Tuesday and Wednesday I took a break from my regularly scheduled life and took a dive back into the world of horticulture. (I just graduated from the U of MN with a degree in Horticulture and ambitions to become a plant breeder.) After English classes in the morning, I hopped on an hour and a half train to Angers, France (pronounced Ahn-jay). Angers is a little gem of a city, complete with a castle and moat. The city center is very old, with narrow streets, sometimes cobbled, for only pedestrians or one car lanes. At the same time it is very modern with bustling cafes, fancy restaurants, small fashion boutiques, and fun, unexpected stores that specialize in comic books, Scottish whiskey, or oriental jewelry. And to top it off it is impeccably clean and though old, not dilapidated.
Angers is the hub for horticulture in France. It is located in the Anjou area which is nicknamed the Garden of France. The fertile river valley produces more apples, bulbs, and ornamental shrubs like hydrangeas than anywhere else in France. The best schools for horticulture and plant science call it home too. There is even a PLANT themed amusement park nearby called Terra Botanica. Seriously this place is horticulture heaven.
And why did I go in the middle of the work week? Because February 16-18 was the annual Salon du Végétal, the largest trade show for all things horticulture in France, and the third largest in Europe.
Tuesday afternoon I explored the city a bit by myself then met up with Corinne Liquiere, the plant breeder from Pépinières Minier for supper. I was put in contact with Corinne through my old boss from the Morton Arboretum, Joe Rothleutner, and she graciously offered to be my guide when I was in Angers and at the Salon du Vegetal. However this generosity didn’t surprise me very much because ornamental plant breeders are a small, tightly-knit group.

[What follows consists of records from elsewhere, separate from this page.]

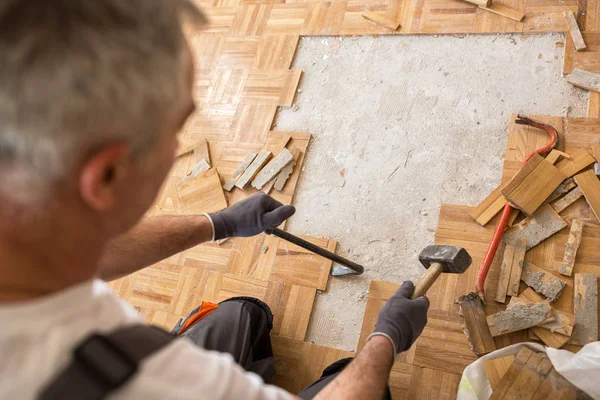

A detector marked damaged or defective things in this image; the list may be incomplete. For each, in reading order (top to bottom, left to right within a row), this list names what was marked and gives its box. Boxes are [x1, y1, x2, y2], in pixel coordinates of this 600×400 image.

broken wood piece [358, 10, 400, 30]
broken wood piece [480, 3, 524, 22]
broken wood piece [564, 11, 584, 51]
broken wood piece [568, 69, 600, 94]
broken wood piece [193, 139, 212, 167]
broken wood piece [221, 152, 256, 191]
broken wood piece [234, 150, 272, 189]
broken wood piece [251, 148, 292, 190]
broken wood piece [472, 182, 508, 227]
broken wood piece [502, 154, 568, 216]
broken wood piece [548, 148, 568, 164]
broken wood piece [544, 177, 576, 203]
broken wood piece [552, 187, 584, 214]
broken wood piece [552, 148, 596, 177]
broken wood piece [572, 170, 600, 223]
broken wood piece [502, 206, 568, 250]
broken wood piece [556, 217, 580, 276]
broken wood piece [520, 260, 568, 302]
broken wood piece [454, 292, 496, 354]
broken wood piece [486, 302, 552, 336]
broken wood piece [568, 274, 596, 346]
broken wood piece [482, 356, 516, 390]
broken wood piece [488, 346, 552, 400]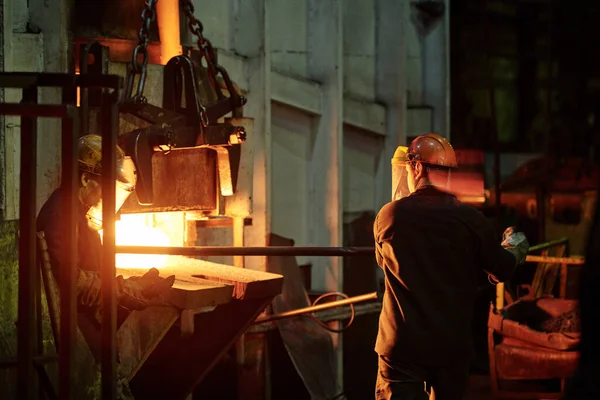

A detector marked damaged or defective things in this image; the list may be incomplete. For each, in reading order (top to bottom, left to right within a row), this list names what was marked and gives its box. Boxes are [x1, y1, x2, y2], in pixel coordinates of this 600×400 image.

rusty metal frame [0, 71, 122, 400]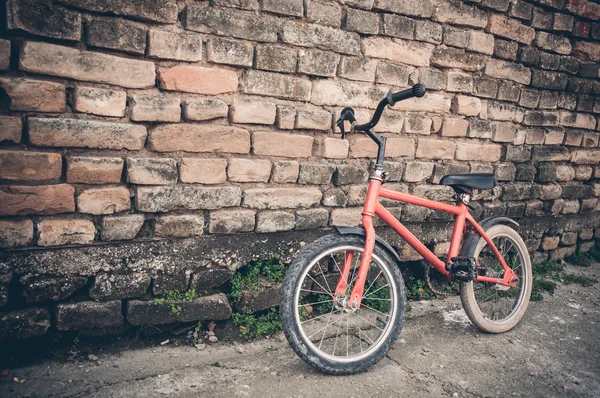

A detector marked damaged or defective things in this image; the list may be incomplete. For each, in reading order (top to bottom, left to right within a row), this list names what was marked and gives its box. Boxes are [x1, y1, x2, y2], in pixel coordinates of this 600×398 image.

Corinne speaks English better than I do French but she humored me and spoke French with me and encouraged her colleges to do the same. For the two days in Angers I spoke mostly French, but horticulture vocabulary is pretty similar between the two languages so it was not as hard as usual. At times like these I am so thankful for our universal scientific nomenclature system! Sometimes it took me a moment or two to recognize the genus names she used. Even though we use the same names, everybody naturally applies their own language’s accent to the pronunciation.
It felt so good to be among people who speak the language of plants! I really missed it.

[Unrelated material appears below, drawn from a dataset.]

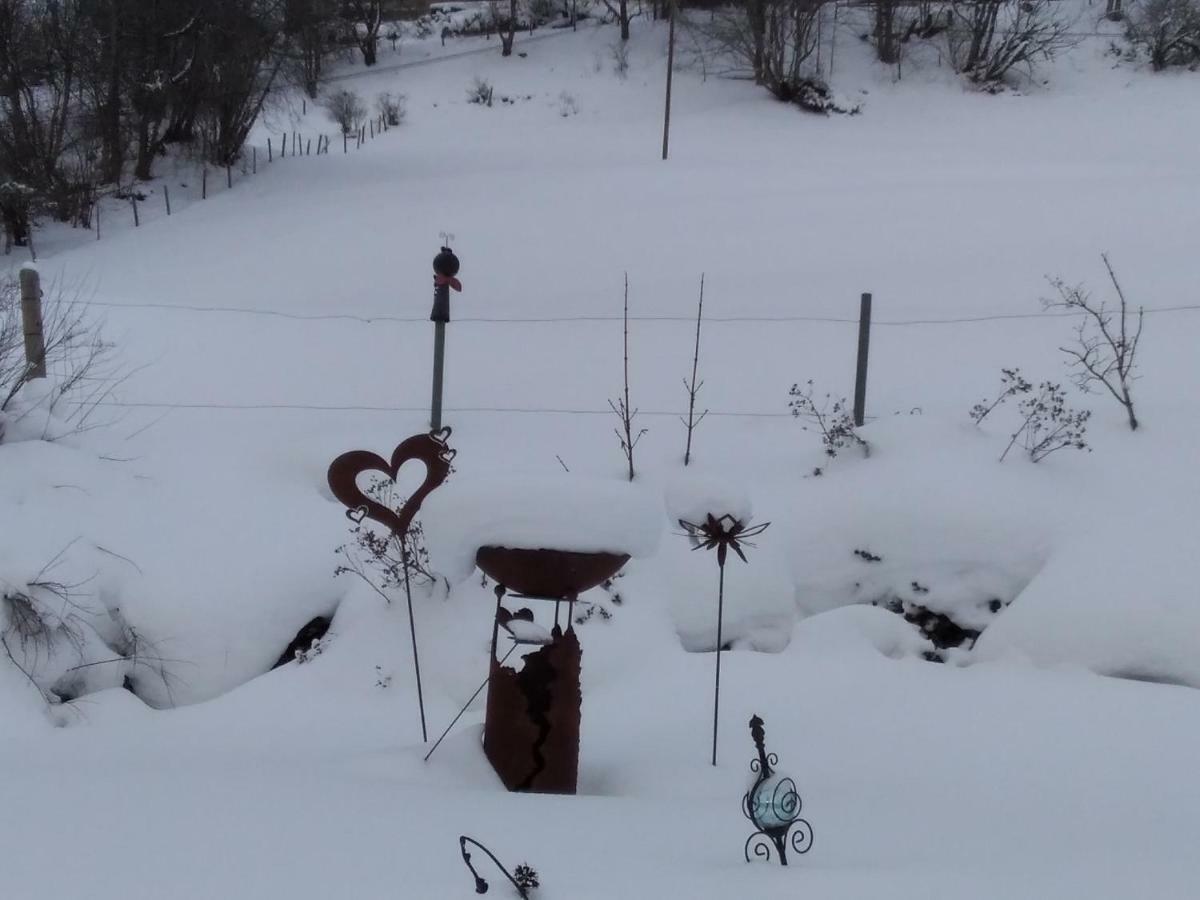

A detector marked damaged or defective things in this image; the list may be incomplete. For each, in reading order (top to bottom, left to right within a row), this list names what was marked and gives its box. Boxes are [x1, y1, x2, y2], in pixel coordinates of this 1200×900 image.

rusty metal sculpture [326, 428, 452, 740]
rusty metal sculpture [476, 544, 632, 792]
rusty metal sculpture [676, 512, 768, 768]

The next morning before going to the Salon, Corinne took me to see the private arboretum at the Pépinières Minier. They use it to collect and trial plants in a garden-setting. They also use it to show off the grown specimens to consumers because it is tough to know the quality of a tiny tree in a pot just by looking at it! In Angers they are zone 9a hardiness by USDA standards (An average annual low of 20 to 25F, -6.7 to -3.9C.) Normal early spring stuff like Magnolias starts blooming this time of February, because of the mild winter they started blooming already in January. This just blows my mind as a native Minnesotan, because it is so early in the year! In Minnesota we are still buried under 2 feet of snow over Valentine’s Day. That morning it froze and the combination of green leaves, flowers, and frost was stunning.
Off to the Salon!
The salon was organized into different areas in the exhibition hall: floriculture, innovation, production, landscaping, education and professional organizations, and equipment.There were over 600 exhibitors and 15,000 visitors: like I said, very impressively sized!

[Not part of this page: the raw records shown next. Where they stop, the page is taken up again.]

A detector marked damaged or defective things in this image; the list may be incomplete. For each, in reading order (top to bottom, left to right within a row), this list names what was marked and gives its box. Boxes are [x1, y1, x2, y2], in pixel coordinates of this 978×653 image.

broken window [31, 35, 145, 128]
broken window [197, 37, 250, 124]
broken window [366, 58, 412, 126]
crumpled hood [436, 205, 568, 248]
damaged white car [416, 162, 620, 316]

The innovation area was especially interesting. Exhibitors could enter novelties in one of three different categories to be judged: plant cultivars, equipment, and marketing strategies. Corinne was pleased because her nursery did well in the competition. Their flowering quince won the silver prize and their new brand, ‘Silence, ça pousse!’ (Quiet, it’s growing!) won gold the marketing competition.
Corinne is so proud of her new series of Hibiscus syriacus cultivars, the French Cabaret series. They are the first cultivars that has she developed from the very beginning, from choosing the parent plants and crossing them, all the way through trialing, marketing, and finally releasing onto the market. It took 13 years! That is a pretty standard time for the development of a ornamental shrub. Plant breeding is a slow process!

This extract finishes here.